So, I show up for Kindergarten, and the evaluations begin. Do I know my letters? Check. Can I read? Check. How well do I play with other kids? Check. Can I color? OOPS.  As Mom tells it, she and Dad went in for a meeting with the teacher and were told that I’d never amount to much because I didn’t know how to color inside the lines. Now, what I’m told was conveyed was actually a bit more graphic than that, but I’m cleaning it up for the sake of all parties. Mom was mad, but as for me, I wanted to succeed, so I learned how to color the way the teacher wanted, got straight A’s, and became determined to be the kid who did no wrong: the teacher’s pet, the good kid, etc.  Throughout elementary school, junior high, high school and frankly college as well, I stayed inside the lines, between the cones. I never got in trouble.  I was Ms. Goody Two Shoes and darn proud of it.

Now though, as I look at my career and at my life, I think coloring inside the lines often does you a disservice. Think about where we are today. We’re in a constant state of evolution, innovation and change. Bill Gates said that “today the pace of innovation is moving faster than ever.” That was 2013. It might as well have been a thousand lifetimes ago. Today, we have artificial intelligence, wearables, and Crispr gene-editing technology that will basically allow us to rewrite the genetic code of anything living on this planet – you, me, Fido – you name it.  Regardless of any personal opinions, that’s pretty radical innovation.

We never would have gotten here if we colored inside the lines.

Business today demands not only ability but also agility. We’ve become adventurers. Challengers (or challenges) come at us every day, touting what’s new, better or way more awesome than what we have.
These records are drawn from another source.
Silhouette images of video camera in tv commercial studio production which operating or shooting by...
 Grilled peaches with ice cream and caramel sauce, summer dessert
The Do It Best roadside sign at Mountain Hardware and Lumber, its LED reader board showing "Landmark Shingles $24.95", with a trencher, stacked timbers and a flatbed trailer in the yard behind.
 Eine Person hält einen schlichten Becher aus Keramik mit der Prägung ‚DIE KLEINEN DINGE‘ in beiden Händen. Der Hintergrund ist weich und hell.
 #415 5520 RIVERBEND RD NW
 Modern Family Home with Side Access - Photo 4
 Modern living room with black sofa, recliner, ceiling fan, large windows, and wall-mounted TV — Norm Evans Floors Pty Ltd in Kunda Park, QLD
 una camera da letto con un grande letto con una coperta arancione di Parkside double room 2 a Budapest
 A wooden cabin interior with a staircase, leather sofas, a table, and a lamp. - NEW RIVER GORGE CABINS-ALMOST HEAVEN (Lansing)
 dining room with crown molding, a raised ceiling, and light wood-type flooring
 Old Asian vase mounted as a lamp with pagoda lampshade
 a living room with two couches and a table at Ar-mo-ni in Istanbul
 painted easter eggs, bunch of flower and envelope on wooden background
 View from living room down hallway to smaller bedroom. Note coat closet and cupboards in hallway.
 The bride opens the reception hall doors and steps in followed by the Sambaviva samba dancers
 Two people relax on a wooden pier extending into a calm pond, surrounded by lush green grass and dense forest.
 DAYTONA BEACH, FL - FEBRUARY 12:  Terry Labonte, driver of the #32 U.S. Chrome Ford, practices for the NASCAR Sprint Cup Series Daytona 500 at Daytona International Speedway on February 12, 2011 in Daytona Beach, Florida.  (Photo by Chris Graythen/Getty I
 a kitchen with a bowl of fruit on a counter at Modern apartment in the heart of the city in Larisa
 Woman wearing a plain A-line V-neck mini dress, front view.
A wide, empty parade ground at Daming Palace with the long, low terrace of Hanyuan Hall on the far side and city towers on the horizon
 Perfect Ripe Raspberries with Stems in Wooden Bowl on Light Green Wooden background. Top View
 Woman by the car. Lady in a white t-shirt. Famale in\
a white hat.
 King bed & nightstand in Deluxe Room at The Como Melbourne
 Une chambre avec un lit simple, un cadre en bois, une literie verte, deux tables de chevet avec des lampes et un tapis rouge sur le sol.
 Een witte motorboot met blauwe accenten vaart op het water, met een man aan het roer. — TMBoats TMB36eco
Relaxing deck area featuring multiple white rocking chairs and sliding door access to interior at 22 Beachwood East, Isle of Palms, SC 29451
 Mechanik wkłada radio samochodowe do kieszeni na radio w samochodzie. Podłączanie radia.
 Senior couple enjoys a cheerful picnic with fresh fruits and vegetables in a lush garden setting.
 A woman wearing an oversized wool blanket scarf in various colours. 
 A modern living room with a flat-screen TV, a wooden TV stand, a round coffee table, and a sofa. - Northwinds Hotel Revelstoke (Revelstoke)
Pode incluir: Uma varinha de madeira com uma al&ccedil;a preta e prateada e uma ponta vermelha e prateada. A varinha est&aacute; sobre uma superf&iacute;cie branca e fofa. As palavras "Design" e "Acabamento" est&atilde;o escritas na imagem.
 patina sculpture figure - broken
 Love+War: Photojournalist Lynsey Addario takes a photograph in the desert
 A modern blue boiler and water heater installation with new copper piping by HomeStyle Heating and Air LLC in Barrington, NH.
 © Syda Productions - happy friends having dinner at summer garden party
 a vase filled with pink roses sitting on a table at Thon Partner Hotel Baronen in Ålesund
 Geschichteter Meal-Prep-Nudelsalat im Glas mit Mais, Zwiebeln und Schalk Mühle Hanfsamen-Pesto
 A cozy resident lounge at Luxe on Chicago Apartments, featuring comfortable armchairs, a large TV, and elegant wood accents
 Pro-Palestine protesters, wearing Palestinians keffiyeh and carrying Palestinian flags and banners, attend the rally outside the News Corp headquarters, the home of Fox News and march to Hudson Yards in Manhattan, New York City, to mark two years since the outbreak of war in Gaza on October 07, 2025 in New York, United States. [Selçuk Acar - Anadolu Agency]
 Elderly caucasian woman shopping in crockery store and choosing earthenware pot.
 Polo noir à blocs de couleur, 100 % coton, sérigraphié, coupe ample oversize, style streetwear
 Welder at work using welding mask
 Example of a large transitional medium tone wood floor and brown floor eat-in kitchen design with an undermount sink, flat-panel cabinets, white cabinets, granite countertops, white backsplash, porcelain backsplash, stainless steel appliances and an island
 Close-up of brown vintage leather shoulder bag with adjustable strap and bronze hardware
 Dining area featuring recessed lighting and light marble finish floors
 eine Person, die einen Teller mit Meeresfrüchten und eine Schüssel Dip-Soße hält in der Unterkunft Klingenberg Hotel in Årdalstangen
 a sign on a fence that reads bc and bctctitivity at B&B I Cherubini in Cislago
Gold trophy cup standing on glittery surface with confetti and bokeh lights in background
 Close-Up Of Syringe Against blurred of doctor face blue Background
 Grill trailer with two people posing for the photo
They send out fancy press releases and call on our clients. It’s never going to stop nor should it.  We just have to be faster, better and more creative. We need to cultivate the ability to see past the lines and beyond next year. We’ve got to be able to tear up the page and look into the future, to anticipate not only what problems exist today but instead leap forward and gauge what may happen then. We need insight into the human condition, a deep understanding of behavior and rich foresight. We need to challenge the norm – “what we’ve always done” – and dream a little dangerously.  You can’t if you stay inside the lines.

It goes for life too. Yes, there are societal norms. I’m not saying abandon them entirely: just don’t be bound by them. Don’t be afraid to try something new, perhaps a little “crazy”, just because people may judge you or “it isn’t done.” Being the teacher’s pet is fine. It works, and you’ll likely do well. But don’t you want to do a little more? Don’t you want to say you DARED? Don’t you want to have some stories to tell, some juicy nuggets or inside jokes that only a few people know, but that take you back?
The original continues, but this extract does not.